On this day … 8 February 1902

Election poster for Winston Churchill and James Mawdsley in the Oldham Parliamentary contest in 1899

The Preston Guardian carried a long obituary of James Mawdsley, the Preston-born man who it described as ‘the greatest labour leader the employees in the cotton trade have ever had’. He was also the union leader who stood as a Tory candidate, when he and Winston Churchill contested a two-seat by-election in Oldham in 1899. Both lost, and Mawdsley ‘later regarded his decision to stand as an error of judgement’.

Churchill mentions him several times in his memoirs. For example, in his autobiography My Early Years, Churchill reflects on the strange partnership between the ‘scion of the ancient British Aristocracy’ and the ‘Tory working-man candidate’.

When Churchill came back to Oldham in 1901 to contest the seat again he had another partner, a stockbroker. Mawdsley was unable to stand for election because of an unfortunate accident. According to Churchill, he was a very heavy man who ‘had taken a bath in a china vessel which had broken under his weight’, inflicting severe injuries. Perhaps the accident served as a cautionary tale for Churchill, who was himself no light weight and very much enjoyed his daily bath.

A historian recently commented, ‘Only one Tory working-class candidate with realistic prospects stood in the 19th century: James Mawdsley … still the only significant union leader to seek election as a Conservative.’

Mawdsley’s career is covered in a Wikipedia article, largely based on his entry in the Oxford Dictionary of National Biography, which is both better written and more comprehensive. Anyone with a Lancashire Library card can access the DNB on line. The DNB article describes Mawdsley as dominating the TUC in the 1880s and 1890s, and characterises him as a ‘forceful public speaker as well as a ruthless backstage fixer’.

His modest beginnings in Preston gave no hint of his future career.

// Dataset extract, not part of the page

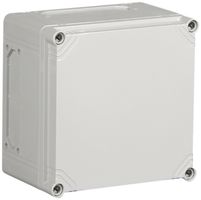 Apparategehäuse RW CUBO C 200×200×130 CPCF grau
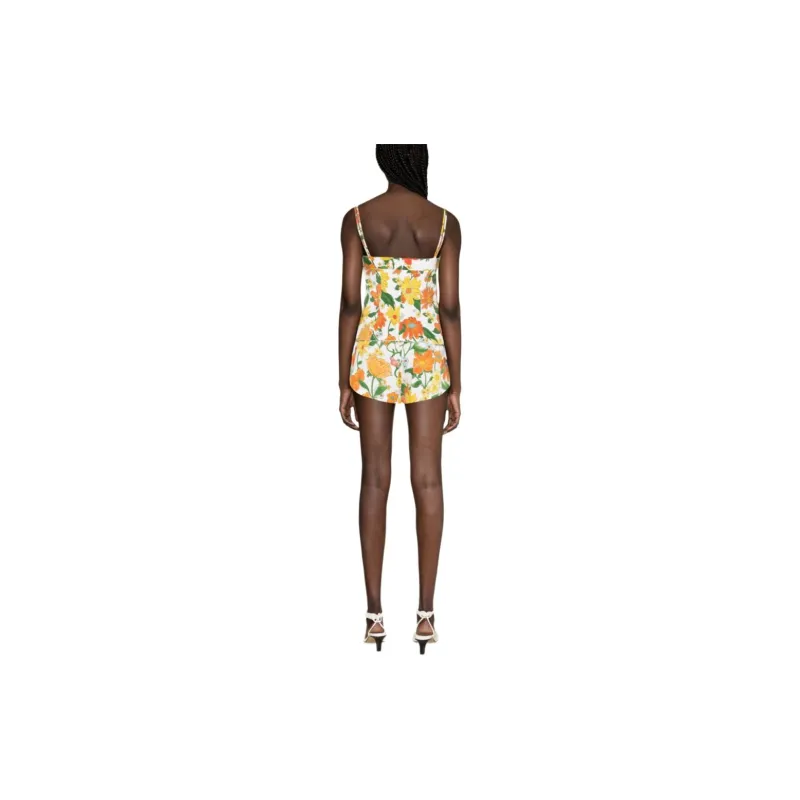 Stella McCartney Floral print Peplum Top-2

He was born in 1848 and in 1851 was living at 7, Sleddon Street with his parents, sister, two other relatives and a lodger. His father was a cotton spinner. Ten years later the family was living at 27 Brookfield street and James, now aged 13, had joined his father at the cotton mill, possibly the nearby Brookfield Mill. He had started work in the mill as a half-timer at the age of nine.

In 1871 the family was living in St Walburge’s Street. His parents and brothers and sisters were living at No. 25 but James, now 23 and married to Ann, was living next door at No 26. By 1881 the couple had moved to Manchester, following Mawdsley’s appointment as full-time general secretary of the Manchester-based Amalgamated Association of Operative Cotton Spinners, a post which he held until his death in 1902.